What Should you Stop Doing? (Guest blog by Mike Hawkins)

Denver-Based Sales Leadership Development Available Nationwide

Posted: April 4, 2013

When we attend staff meetings, planning meetings, and business reviews, we inevitably leave with a list of actions to put on our to-do list. We are generally good at figuring out what we need to do and putting plans in place to do them. The problem is that our to-dos often exceed our capacity to do them. When we add up all that we hope to accomplish, we end up with a list well above the 100 percent we have to give. It is a rare occurrence in our 24x7 always on, always working world that we don’t have too much to do and too little time to do it in.

If we can give only 100 percent of our capacity, why do we put more than 100 percent on our to-do list?  If we expect to give only 50-60 hours a week to our work, why do we tell ourselves, and others, that we can complete 80-90 hours of work?  Not only are we disappointing people including ourselves as we run perpetually on the treadmill of busyness as usual, we are stressing out and burning out. The importance has never been greater than now for people to learn to prioritize their time and decide what they need to not do rather than merely think about what they need to do.

There was a time in my life when I had a senior level corporate job, owned two small businesses, owned four homes, and supported five children. When I look back on those years, I wonder how I did it. In retrospect, I’m not sure I did it very well. Not until I learned to consciously decide what not to do did I become truly productive, effective, and balanced. Not until I consolidated my material possessions, focused my work on fewer meaningful outcomes, said “no” to some of my pastimes, and put constraints on what I did say yes to did I find time to achieve what I needed to achieve.

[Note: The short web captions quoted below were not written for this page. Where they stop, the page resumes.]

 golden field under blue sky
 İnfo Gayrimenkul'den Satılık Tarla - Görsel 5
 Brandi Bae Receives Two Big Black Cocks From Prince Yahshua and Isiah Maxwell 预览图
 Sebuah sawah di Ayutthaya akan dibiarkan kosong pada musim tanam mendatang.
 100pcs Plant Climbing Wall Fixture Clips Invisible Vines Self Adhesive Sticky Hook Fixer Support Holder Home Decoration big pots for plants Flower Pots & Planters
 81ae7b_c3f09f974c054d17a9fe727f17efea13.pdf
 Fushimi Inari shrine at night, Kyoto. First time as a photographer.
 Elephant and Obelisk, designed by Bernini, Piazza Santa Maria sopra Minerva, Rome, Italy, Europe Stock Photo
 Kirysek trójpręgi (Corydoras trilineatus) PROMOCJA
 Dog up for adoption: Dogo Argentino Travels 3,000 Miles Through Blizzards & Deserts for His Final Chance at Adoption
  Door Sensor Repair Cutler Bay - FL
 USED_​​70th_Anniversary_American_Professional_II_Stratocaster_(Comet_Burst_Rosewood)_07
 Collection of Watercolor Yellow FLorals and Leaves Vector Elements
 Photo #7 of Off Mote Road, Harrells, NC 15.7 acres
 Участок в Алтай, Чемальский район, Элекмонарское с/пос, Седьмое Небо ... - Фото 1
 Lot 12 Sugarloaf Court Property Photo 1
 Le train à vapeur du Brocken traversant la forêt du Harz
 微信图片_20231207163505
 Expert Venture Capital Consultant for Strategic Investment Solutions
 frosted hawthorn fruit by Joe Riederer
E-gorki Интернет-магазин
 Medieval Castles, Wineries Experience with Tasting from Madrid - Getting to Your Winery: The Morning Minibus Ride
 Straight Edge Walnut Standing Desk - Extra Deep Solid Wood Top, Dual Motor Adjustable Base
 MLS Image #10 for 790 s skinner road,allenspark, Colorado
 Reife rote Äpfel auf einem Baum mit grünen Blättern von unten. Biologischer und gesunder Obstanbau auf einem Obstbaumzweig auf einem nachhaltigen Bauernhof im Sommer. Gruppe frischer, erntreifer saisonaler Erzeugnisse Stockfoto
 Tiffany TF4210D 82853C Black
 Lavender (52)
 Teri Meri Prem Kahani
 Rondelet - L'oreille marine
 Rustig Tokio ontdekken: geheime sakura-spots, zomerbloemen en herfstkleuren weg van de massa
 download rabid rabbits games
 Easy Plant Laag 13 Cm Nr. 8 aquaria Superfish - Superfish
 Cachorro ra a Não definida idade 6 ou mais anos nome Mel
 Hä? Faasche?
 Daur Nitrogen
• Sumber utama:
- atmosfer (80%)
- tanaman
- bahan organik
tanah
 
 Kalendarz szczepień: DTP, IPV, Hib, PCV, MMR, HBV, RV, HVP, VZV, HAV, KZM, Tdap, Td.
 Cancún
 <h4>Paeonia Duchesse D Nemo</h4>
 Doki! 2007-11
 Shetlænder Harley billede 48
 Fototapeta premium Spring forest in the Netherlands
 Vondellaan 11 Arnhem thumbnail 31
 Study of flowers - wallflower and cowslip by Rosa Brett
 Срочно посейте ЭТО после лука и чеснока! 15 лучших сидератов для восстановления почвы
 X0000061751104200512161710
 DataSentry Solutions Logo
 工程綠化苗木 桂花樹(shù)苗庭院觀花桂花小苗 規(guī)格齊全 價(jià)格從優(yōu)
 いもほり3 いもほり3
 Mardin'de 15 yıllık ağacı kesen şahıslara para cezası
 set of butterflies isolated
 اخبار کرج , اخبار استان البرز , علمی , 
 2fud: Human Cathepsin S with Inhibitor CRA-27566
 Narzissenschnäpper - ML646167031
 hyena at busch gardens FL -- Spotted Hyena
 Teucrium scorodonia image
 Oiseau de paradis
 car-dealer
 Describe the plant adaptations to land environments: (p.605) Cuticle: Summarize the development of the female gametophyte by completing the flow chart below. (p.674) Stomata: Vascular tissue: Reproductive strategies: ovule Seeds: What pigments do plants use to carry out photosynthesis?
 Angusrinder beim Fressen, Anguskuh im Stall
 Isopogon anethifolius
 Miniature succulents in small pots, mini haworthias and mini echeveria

How about you?  Are you finding it all but impossible to get everything done? Are you quick to take on more assignments and to-dos, but struggle to find time to complete them all? Are you adding more products and services to your product portfolio, but unwilling to kill the old ones that languish? Are you committing to more charitable activities without resigning from those that you need to resign from? Are you saying yes to requests for help without considering the opportunity costs of what you won’t be able to do?  Do you lack a healthy work/life balance? Are you chronically late to your children’s sporting events, meetings, and appointments? Do you struggle to get out of bed in the morning because you worked late the night before? If so, consider that it’s time to start thinking about what you should stop doing.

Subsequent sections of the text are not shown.